Elmalılı Muhammed Hamdi Yazır:
Andolsun ki Musa'ya kitap verdik, kardeşi Harun'u da ona yardımcı yaptık.
Diyanet Vakfı:
Andolsun biz Musa'ya Kitab'ı verdik, kardeşi Harun'u da ona yardımcı yaptık.
İngilizce:
(Before this,) We sent Moses The Book, and appointed his brother Aaron with him as minister;
Fransızca:
En effet, Nous avons apporté à Moïse le Livre et lui avons assigné son frère Aaron comme assistant.
Almanca:
Und gewiß, bereits ließen WIR Musa die Schrift zuteil werden und machten mit ihm seinen Bruder Harun als einen Assistenten.
Rusça:
Воистину, Мы даровали Мусе (Моисею) Писание и сделали его брата Харуна (Аарона) его помощником.
Açıklama:

feḳulne-ẕhebâ ile-lḳavmi-lleẕîne keẕẕebû biâyâtinâ. fedemmernâhüm tedmîrâ.
Arapça:
فَقُلْنَا اذْهَبَا إِلَى الْقَوْمِ الَّذِينَ كَذَّبُوا بِآيَاتِنَا فَدَمَّرْنَاهُمْ تَدْمِيرًا
Türkçe:
Ardından şöyle dedik: "Ayetlerimizi yalanlayan topluluğa gidin." Biraz sonra da o topluluğu yerle bir ettik.
Elmalılı Muhammed Hamdi Yazır:
Haydi âyetlerimizi yalan sayan o kavme gidin dedik. Sonunda (yola gelmediklerinden) onları yerle bir ettik.
Diyanet Vakfı:
"Ayetlerimizi yalan sayan kavme gidin" dedik. Sonunda, (yola gelmediklerinden) onları yerle bir ediverdik.
İngilizce:
And We command: "Go ye both, to the people who have rejected our Signs:" And those (people) We destroyed with utter destruction.
Fransızca:
Puis Nous avons dit : "Allez tous deux vers les gens qui ont traité de mensonge Nos preuves". Nous les avons ensuite détruits complètement.
Almanca:
Dann sagten WIR : "Geht beide zu den Leuten, die Unsere Ayat ableugneten." Dann vernichteten WIR sie in kompletter Vernichtung.
Rusça:
Мы повелели: "Ступайте вдвоем к народу, который счел ложью Наши знамения". А потом Мы уничтожили его до основания.
Açıklama:

veḳavme nûḥil lemmâ keẕẕebü-rrusüle agraḳnâhüm vece`alnâhüm linnâsi âyeh. vea`tednâ liżżâlimîne `aẕâben elîmâ.
Arapça:
وَقَوْمَ نُوحٍ لَّمَّا كَذَّبُوا الرُّسُلَ أَغْرَقْنَاهُمْ وَجَعَلْنَاهُمْ لِلنَّاسِ آيَةً ۖ وَأَعْتَدْنَا لِلظَّالِمِينَ عَذَابًا أَلِيمًا
Türkçe:
Ve Nûh kavmi... Resulleri yalanladıklarında hepsini boğup, insanlara bir ibret yaptık.

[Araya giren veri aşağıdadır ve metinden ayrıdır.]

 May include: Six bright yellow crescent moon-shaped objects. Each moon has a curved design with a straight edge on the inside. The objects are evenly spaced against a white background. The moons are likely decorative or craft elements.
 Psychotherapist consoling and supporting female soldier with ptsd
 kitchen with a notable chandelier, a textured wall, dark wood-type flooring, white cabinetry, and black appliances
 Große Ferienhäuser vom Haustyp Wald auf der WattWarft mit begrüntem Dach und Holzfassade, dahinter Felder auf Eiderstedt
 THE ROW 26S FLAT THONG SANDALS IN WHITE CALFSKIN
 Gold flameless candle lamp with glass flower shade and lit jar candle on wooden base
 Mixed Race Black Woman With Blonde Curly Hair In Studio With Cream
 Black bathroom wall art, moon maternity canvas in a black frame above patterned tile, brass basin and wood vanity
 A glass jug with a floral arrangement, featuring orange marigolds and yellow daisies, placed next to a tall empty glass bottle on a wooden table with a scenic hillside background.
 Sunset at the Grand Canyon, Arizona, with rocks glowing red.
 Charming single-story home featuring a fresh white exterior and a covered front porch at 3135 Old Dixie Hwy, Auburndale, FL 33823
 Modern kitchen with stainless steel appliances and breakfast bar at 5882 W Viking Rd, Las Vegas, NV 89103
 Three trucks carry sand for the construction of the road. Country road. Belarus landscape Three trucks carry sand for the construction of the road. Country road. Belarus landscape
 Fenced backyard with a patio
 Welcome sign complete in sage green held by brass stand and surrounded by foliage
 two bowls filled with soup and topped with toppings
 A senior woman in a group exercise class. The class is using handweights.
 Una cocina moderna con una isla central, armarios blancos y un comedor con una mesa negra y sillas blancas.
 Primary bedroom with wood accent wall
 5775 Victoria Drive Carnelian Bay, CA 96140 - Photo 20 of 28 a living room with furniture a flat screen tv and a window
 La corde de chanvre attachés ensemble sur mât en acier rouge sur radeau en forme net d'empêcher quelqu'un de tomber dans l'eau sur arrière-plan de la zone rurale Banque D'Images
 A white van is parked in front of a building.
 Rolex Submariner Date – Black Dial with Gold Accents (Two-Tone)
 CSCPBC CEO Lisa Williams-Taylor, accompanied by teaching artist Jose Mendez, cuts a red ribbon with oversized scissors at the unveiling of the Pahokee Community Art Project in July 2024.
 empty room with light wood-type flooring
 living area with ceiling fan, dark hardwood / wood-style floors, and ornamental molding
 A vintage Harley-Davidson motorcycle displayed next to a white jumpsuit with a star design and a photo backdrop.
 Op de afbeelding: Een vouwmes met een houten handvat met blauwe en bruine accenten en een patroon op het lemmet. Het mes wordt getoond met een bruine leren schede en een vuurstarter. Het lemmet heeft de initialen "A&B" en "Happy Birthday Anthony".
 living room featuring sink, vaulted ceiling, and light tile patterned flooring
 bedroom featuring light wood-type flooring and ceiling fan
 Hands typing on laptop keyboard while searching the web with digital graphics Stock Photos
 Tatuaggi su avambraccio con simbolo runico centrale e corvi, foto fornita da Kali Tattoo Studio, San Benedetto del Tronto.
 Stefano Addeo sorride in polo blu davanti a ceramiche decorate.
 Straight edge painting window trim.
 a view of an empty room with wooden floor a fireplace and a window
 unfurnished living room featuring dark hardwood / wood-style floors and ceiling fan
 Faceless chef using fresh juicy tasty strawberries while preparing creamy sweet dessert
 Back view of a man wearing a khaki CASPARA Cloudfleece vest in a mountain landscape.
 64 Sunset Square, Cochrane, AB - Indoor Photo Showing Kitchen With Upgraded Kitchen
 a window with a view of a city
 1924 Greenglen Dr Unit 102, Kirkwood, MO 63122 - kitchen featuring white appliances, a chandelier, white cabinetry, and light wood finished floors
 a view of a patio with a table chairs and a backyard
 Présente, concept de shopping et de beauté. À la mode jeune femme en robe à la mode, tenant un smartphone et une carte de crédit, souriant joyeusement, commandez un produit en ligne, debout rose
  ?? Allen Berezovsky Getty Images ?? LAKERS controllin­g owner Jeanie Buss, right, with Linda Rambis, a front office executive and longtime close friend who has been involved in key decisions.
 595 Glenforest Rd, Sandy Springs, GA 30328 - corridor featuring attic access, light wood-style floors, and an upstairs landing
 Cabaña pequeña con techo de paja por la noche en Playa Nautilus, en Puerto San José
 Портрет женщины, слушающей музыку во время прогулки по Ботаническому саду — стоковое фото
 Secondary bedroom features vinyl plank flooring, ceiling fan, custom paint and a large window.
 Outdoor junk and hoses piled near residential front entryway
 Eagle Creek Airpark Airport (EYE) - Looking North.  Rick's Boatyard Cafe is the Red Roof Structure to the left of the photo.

Zalimler için acıklı bir azap hazırladık.
Elmalılı Muhammed Hamdi Yazır:
Nuh kavmine gelince, Peygamberleri yalancılıkla itham ettiklerinde, onları suda boğduk ve kendilerini insanlar için bir ibret yaptık. Biz zalimler için acıklı bir azab hazırlamışızdır.
Diyanet Vakfı:
Nuh kavmine gelince, peygamberleri yalancılıkla itham ettiklerinde onları, suda boğduk ve kendilerini insanlar için bir ibret yaptık. Zalimler için acıklı bir azap hazırladık.
İngilizce:
And the people of Noah,- when they rejected the messengers, We drowned them, and We made them as a Sign for mankind; and We have prepared for (all) wrong-doers a grievous Penalty;-
Fransızca:
Et le peuple de Noé, quand ils eurent démenti les messagers, Nous les noyâmes et en fîmes pour les gens un signe d'avertissement. Et Nous avons préparé pour les injustes un châtiment douloureux.
Almanca:
Und die Leute von Nuh, als sie den Gesandten der Lüge bezichtigten, ertränkten WIR sie und machten sie zu einer Aya für die Menschen. Und WIR bereiteten für die Unrecht-Begehenden eine qualvolle Peinigung.
Rusça:
Мы потопили народ Нуха (Ноя), когда они сочли лжецами посланников, и сделали их знамением для людей. Мы приготовили беззаконникам мучительные страдания.
Açıklama:

ve`âdev veŝemûde veaṣḥâbe-rrassi veḳurûnem beyne ẕâlike keŝîrâ.
Arapça:
وَعَادًا وَثَمُودَ وَأَصْحَابَ الرَّسِّ وَقُرُونًا بَيْنَ ذَٰلِكَ كَثِيرًا
Türkçe:
Âd'ı, Semûd'u, Ress, halkını ve bunlar arasında birçok nesilleri yere batırdık.
Elmalılı Muhammed Hamdi Yazır:
Ad'ı, Semud'u, Ress halkını ve bunlar arasında daha bir çok nesilleri de (inkârcılıkları yüzünden helak ettik)
Diyanet Vakfı:
Ad'ı, Semud'u, Ress halkını ve bunlar arasında daha birçok nesilleri de (inkarcılıklarından ötürü helak ettik).
İngilizce:
As also 'Ad and Thamud, and the Companions of the Rass, and many a generation between them.
Fransızca:
Et les Aad, les Tamud, les gens d'Ar-Rass et de nombreuses générations intermédiaires !
Almanca:
Sowie 'Aad, Thamud, die Weggenossen von Ar-rass und viele Generationen zwischen diesen.
Rusça:
А также адитов, самудян, жителей Расса и многие поколения, которые были между ними.